A la terrasse d'un bar, Guy sirote son café et parle lui aussi fièrement de son vote : "Je suis d'Hayange, j'ai forcément voté FN. Il suffit de voir comme les rues sont devenues propres, il faudrait que cela se passe au niveau national." Selon cet entrepreneur, le bilan du maire parle pour lui. "L'ancien maire profitait de l'argent public pour se faire des dîners dans de grands restaurants. Fabien Engelmann a baissé son salaire, lui." Il réfléchit en tournant sa cuillère. "Bon, il a aussi fait deux ou trois conneries."

Il explique longuement l'affaire de la crèche géante de Noël, installée par la municipalité. Aucun des trois rois mages en plastique n'était noir.
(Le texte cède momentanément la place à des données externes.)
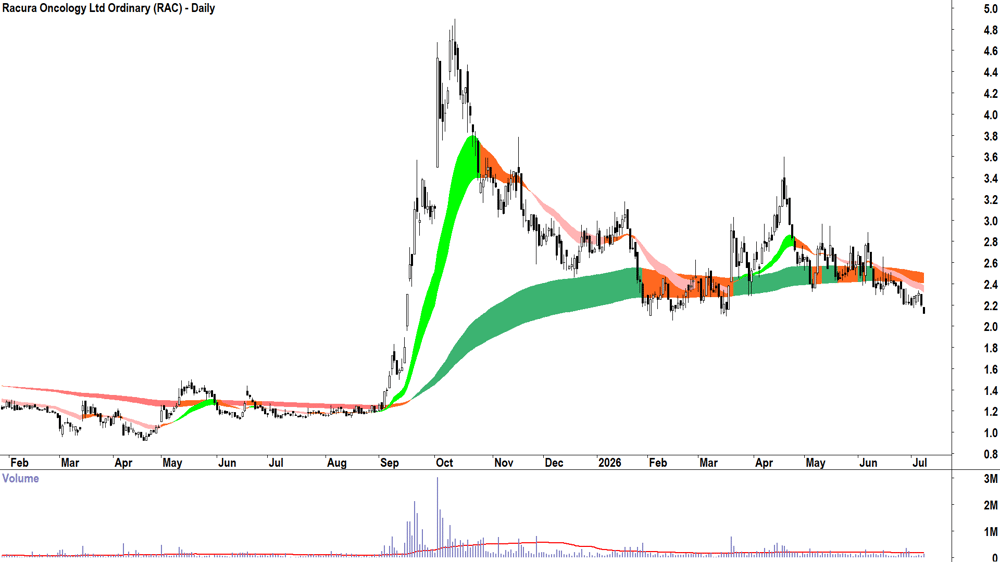 Racura Oncology (ASX-RAC) Daily chart 8 July 2026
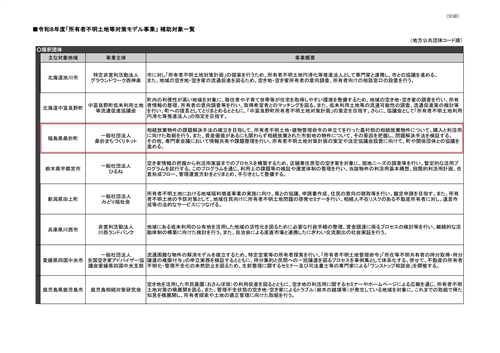 R08所有者不明土地等対策モデル事業_採択団体一覧.png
Ce couac ne l'a pas dissuadé de voter pour Marine Le Pen. "On est en France, il faut assumer ses valeurs." Guy, qui travaille au Luxembourg, se défend aussi de tout racisme. "J'ai des origines allemandes et autrichiennes."

Les nombreuses polémiques qui émaillent le mandat du maire, Cathy* s'en fiche aussi. Même l'ambition de Fabien Engelmann de fermer le local du Secours populaire, alors qu'elle en a bénéficié elle-même dans le passé. "Il y avait des abus venant de certaines personnes qui prenaient tout avant de jeter dans les environs", affirme cette trentenaire. Elle vient de glisser dans l'urne un bulletin Marine Le Pen.

J'étais au RSA. Je me suis inscrite à Pôle emploi en 2013 et on ne m'a pas fait une seule proposition d'entretien. Il faut que ça change.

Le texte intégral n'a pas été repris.